Faculty
Neuroscience
Supervisor Name
Dr. Derek Mitchell
Keywords
Audition, Emotion, Localization
Description
This study investigates whether the emotional content of auditory stimuli influences spatial localization abilities, addressing the gap in understanding of how emotional sounds impact spatial processing. While visual emotional stimuli are known to modulate sensory processing through brain regions like the amygdala and locus coeruleus, the effects of emotional auditory stimuli remain less understood. Prior findings suggest emotional sounds may alert listeners to specific stimuli while distracting from others, yet the impact on spatial localization—critical for navigation in emotionally charged settings—has not been thoroughly examined.
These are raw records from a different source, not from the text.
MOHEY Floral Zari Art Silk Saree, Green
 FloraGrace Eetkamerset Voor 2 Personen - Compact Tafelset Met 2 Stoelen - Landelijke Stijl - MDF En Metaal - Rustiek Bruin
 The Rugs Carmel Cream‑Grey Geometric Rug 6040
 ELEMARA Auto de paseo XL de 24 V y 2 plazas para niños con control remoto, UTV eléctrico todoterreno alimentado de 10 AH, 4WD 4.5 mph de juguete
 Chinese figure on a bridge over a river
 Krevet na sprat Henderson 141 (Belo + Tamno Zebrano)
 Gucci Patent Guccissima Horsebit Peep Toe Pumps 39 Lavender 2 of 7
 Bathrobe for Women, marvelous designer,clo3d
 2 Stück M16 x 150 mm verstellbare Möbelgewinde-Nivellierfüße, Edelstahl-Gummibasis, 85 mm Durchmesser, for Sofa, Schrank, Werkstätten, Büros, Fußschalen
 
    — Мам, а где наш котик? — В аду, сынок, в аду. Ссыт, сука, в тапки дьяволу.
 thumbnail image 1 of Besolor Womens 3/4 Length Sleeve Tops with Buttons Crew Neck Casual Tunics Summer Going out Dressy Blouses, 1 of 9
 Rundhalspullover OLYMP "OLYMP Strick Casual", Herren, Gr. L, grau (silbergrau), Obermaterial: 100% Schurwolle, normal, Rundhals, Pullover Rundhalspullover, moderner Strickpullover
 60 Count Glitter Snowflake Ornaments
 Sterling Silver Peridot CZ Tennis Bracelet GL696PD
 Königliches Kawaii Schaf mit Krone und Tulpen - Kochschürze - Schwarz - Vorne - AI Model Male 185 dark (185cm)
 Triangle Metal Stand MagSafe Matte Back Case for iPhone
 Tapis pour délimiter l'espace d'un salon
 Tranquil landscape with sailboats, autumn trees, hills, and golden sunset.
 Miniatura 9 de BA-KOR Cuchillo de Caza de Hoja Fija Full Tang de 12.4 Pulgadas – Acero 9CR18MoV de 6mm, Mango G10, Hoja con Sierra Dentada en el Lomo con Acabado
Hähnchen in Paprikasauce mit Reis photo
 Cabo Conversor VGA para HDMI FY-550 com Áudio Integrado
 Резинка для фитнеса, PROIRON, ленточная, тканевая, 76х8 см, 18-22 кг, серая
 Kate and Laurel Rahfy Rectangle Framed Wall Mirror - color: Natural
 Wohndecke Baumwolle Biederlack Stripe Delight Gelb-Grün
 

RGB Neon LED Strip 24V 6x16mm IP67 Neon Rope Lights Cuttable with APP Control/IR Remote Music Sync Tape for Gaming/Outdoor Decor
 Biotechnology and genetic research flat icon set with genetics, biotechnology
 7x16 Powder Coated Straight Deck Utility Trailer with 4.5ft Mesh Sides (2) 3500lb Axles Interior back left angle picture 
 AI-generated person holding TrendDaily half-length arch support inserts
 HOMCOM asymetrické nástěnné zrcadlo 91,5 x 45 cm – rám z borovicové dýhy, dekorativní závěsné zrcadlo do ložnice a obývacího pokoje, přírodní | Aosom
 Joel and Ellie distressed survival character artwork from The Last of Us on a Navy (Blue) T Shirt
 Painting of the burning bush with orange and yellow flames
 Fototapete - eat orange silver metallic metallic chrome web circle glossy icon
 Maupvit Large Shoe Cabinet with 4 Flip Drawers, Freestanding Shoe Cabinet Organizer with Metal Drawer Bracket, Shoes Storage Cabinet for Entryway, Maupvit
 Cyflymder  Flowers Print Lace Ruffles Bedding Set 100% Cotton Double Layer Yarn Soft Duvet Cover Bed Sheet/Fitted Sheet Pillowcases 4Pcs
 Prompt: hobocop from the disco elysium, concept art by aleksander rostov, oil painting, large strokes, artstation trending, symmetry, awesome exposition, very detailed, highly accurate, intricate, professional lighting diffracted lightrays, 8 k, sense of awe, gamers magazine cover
Our primary objective is to determine if emotionally negative sounds improve localization accuracy and reaction times compared to neutral sounds. We hypothesize that emotional sounds will activate emotion- and attention-related neural circuits, enhancing spatial representation relative to neutral sounds. This cognitive neuroscience study employs a mixed within-subjects and between-subjects design using an audiodome—a sound attenuation environment with a specialized auditory presentation system.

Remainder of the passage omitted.